She made her stage debut in Dusseldorf in 1906, and later worked in Weimar and Aachen. In 1910, at age 22, while still doing theatrical work in Weimar, she published her first book, a romance novel entitled Die Nach uns Kommen, which became a bestseller. She followed this up with short works such as Die Krieg und Die Frauen, which were also successful. She continued acting and, in the early teens at Aachen, crossed paths with the actor Rudolf Klein-Rogge, who became her mentor and, in 1917, her first husband. She'd followed up her first book with a string of short stories that covered all genres and seemed to possess a strong philosophical bent. Following the outbreak of the First World War, she also wrote works in a strongly nationalistic vein. According to Fritz Lang biographer Patrick McGilligan, it was after von Harbou's marriage to Klein-Rogge that she gave up acting to pursue writing full-time. It was almost by accident that von Harbou entered the movie industry; the news that producer Joe May had bought the film rights to one of her books caused her to get in touch with May, who ended up hiring her as a screenwriter for his production company, not only to adapt her own work but to work on original screenplays. It was a little later, while working on the screenplay for Das Indische Grabmal (based on one of her novels), that she first met Lang; the two were attracted to each other from the start, both intellectually and romantically. At the time, however, she was married to Klein-Rogge and Lang was married to his first wife, Lisa Rosenthal, but they did enter into a fruitful professional relationship.

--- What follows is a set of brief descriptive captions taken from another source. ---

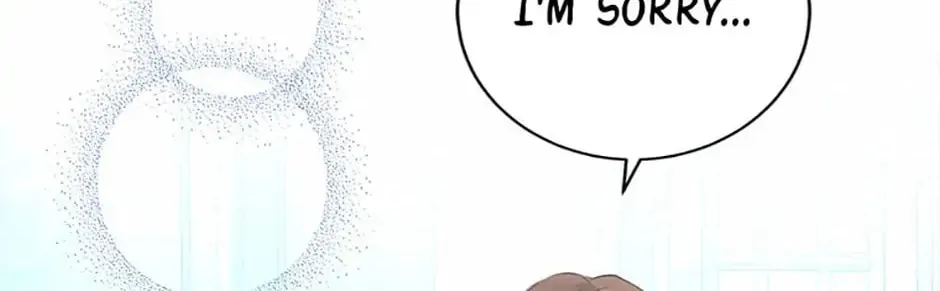 He's My Real Brother, Duke Chapter 35 page 123 - 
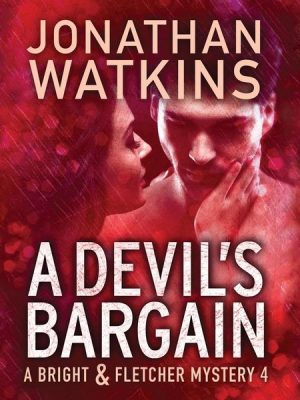 A Devil's Bargain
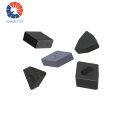 PCBN diamond tools milling inserts,cnc lathe tungsten carbide Milling pcd cbn cutting tools
 
Payment&Delivery
Products Range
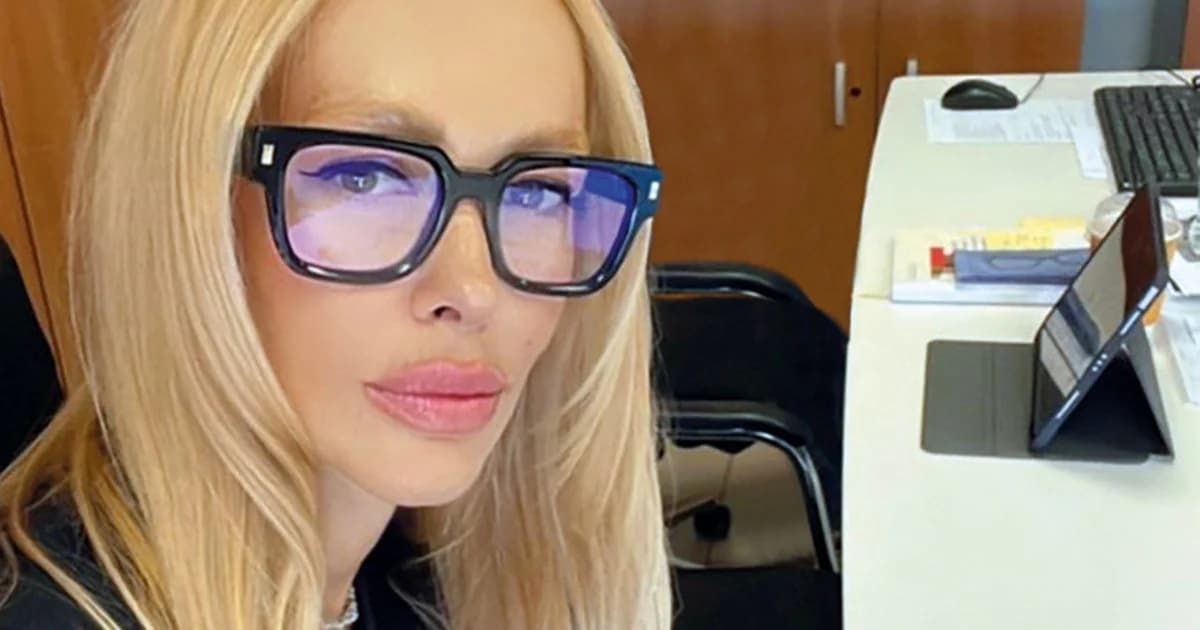 Emine Yesir nombrada Jefa de Producción en Barking Well Media
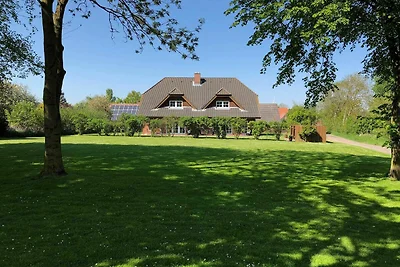 Landhauswohnung-4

Beginning with Das Wandernde Bild in 1920 and continuing through 1933's Das Testament des Dr. Mabuse, von Harbou wrote the screenplays to every one of Lang's movies. She also authored the scripts for other directors, most notably F.W. Murnau's Phantom (1922) and Die Finanzen des Grossherzogs (1924), and Carl Theodor Dreyer's Mikael (1924), but it was Lang with whom she became most closely associated, both professionally and personally. By 1920, she and Klein-Rogge had separated, and their marriage would soon be dissolved. Lang's marital situation -- which didn't prevent him from setting up housekeeping with von Harbou -- resolved itself in a manner more befitting one of his later Hollywood-era screenplays. According to what Lang told actor Howard Vernon (as recalled by McGilligan in his book Fritz Lang: Nature of the Beast), his first wife encountered Lang and von Harbou in a sexual encounter, went to another floor of the house, and shot herself to death with a pistol that Lang had held onto from his World War I military service in the Austrian army. It was the summer of 1922 before Lang and von Harbou became husband and wife. His films were without peer during this period, not just in Germany but internationally, and were also among the most influential in the entire world, not only attracting and delighting audiences on four continents but serving as an inspiration for the next generation of directors.

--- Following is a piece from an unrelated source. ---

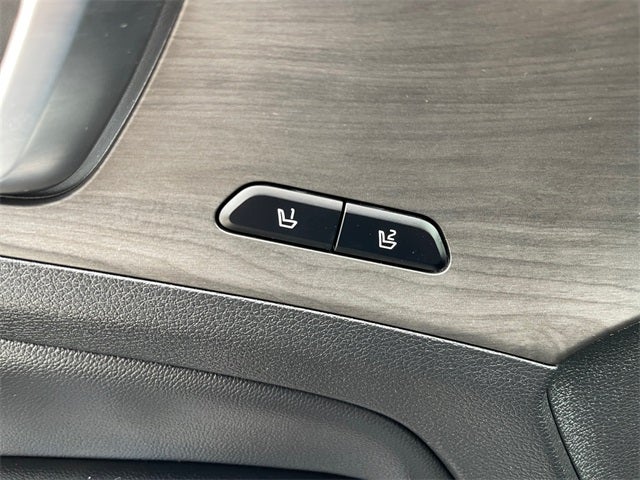 2024 Kia Sportage X-Pro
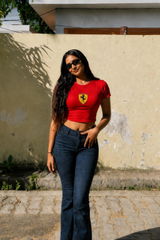Kavya Nair review photo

Von Harbou as a screenwriter displayed an extraordinary talent for storytelling and an ear for compellingly realistic dialogue and finely drawn, complex character relationships. She was also a serious, deeply philosophical writer, her work encompassing conflicts that reflected larger meanings and social themes. Lang later claimed that von Harbou was overrated as a screenwriter, and seldom was able to comprehend the depth of the relationships between her characters. A close look at the best of her screenplays for Lang, however, would seem to contradict this suggestion; certainly in Metropolis, in its original form, the character relationships are nearly as fascinating as the visuals. Indeed, one of the reasons that Metropolis, as written, worked so well was because it had a screenplay that matched the dazzling special effects with its depth -- and sometimes even outdid those visuals in complexity. Metropolis (1927) was von Harbou's most ambitious work, and she wrote it as both a novel and a screenplay. Her script at times reads like a philosophical treatise as much as a dramatic work, and that side of the movie, in the restored version, seems the most arch and artificial -- not that those sections would necessarily have been fatal to the movie, but to producers seeking a commercially successful release in a hurry, especially those outside of Germany, they were the most easily dispensable parts of the movie. Metropolis was modified and shortened, and its text simplified by cutting -- removing some of the philosophical elements as well as chopping out character elements and plot -- almost immediately after the movie's German premiere, and was tampered with even more severely in the versions prepared for distribution in the United States and the rest of the world. The novel reveals the seriousness with which von Harbou took the original tale, with all of its sociological, philosophical, and religious overtones -- elements that were recaptured in the late '90s restoration of the retrievable elements of the original film.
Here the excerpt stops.